Generating Ideas

For this assignment, you will need to select an issue, take a stand, develop a clear position, and assemble evidence that supports your view.

For more strategies for generating ideas, see Ch. 19.

Find an Issue. The topic for this paper should be an issue or controversy that interests both you and your audience. Try brainstorming a list of possible topics. Start with the headlines of a newspaper or newsmagazine, review the letters to the editor, check the political cartoons on the opinion page, or watch for stories on demonstrations or protests. You might also consult the library index to CQ Researcher, browse news or opinion Web sites, talk with friends, or consider topics raised in class. If you keep a journal, look over your entries to see what has perplexed or angered you. If you need to understand the issue better or aren’t sure you want to take a stand on it, investigate by freewriting, reading, or turning to other sources.

Once you have a list of possible topics, drop those that seem too broad or complex or that you don’t know much about. Weed out anything that might not hold your — or your readers’ — interest. From your new list, pick the issue or controversy for which you can make the strongest argument.

Start with a Question and a Thesis. At this stage, many writers try to pose the issue as a question — one that will be answered through the position they take. Skip vague questions that most readers wouldn’t debate, or convert them to questions that allow different stands.

VAGUE QUESTION Is stereotyping bad?
CLEARLY DEBATABLE Should we fight gender stereotypes in advertising?

You can help focus your position by stating it in a sentence — a thesis, or statement of your stand.
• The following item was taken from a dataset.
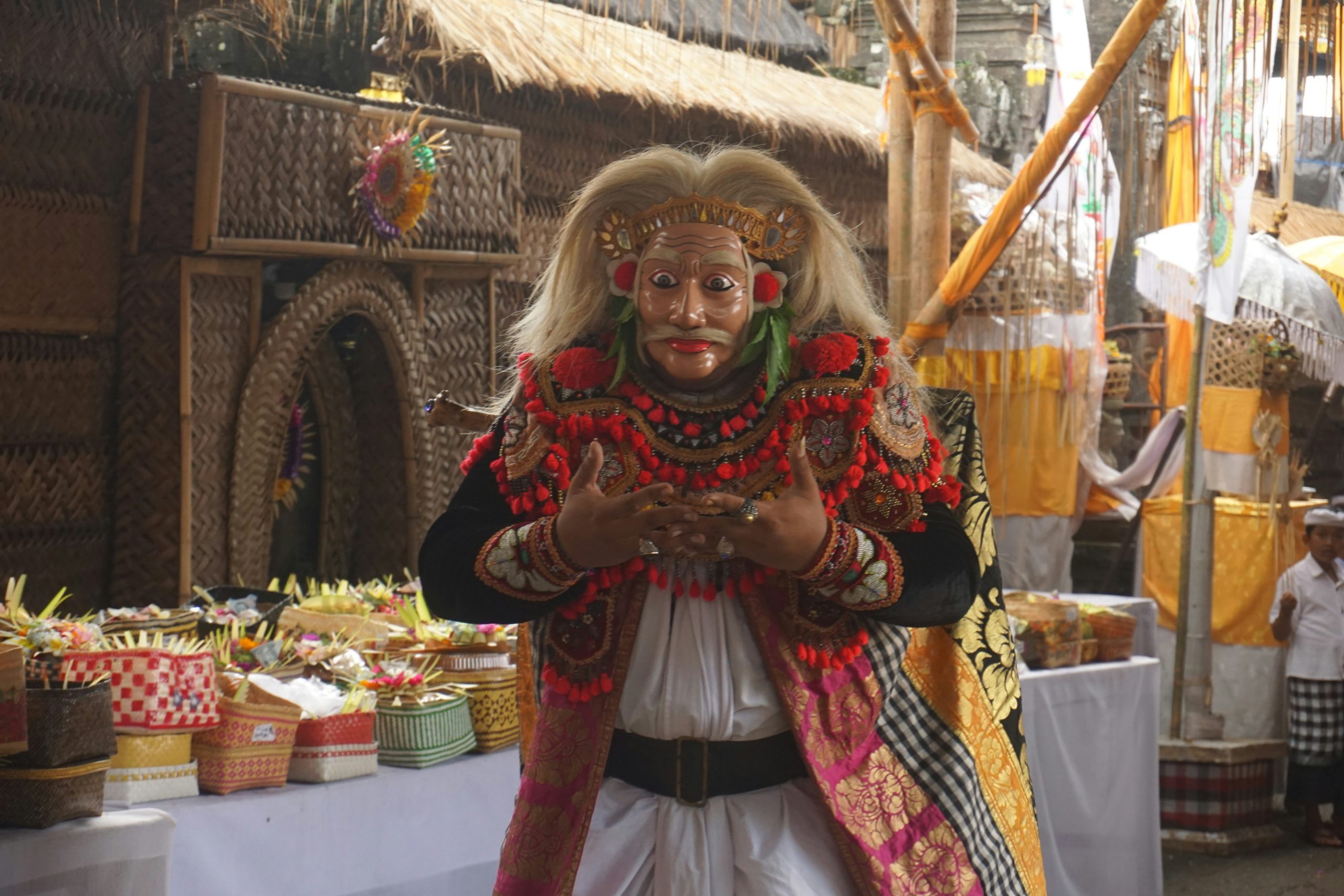 Traditional Japanese Noh theater performer wearing elaborate gold and silver decorated kimono costume called Nuihaku, showcasing centuries-old theatrical costume artistry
Your statement can answer your question:

See more on stating a thesis.

WORKING THESIS We should expect advertisers to fight rather than reinforce gender stereotypes.
OR Most people who object to gender stereotypes in advertising need to get a sense of humor.

Your thesis should invite continued debate by taking a strong position that can be argued rather than stating a fact.

FACT Hispanics constitute 16 percent of the community but only 3 percent of our school population.
WORKING THESIS Our school should increase outreach to the Hispanic community, which is underrepresented on campus.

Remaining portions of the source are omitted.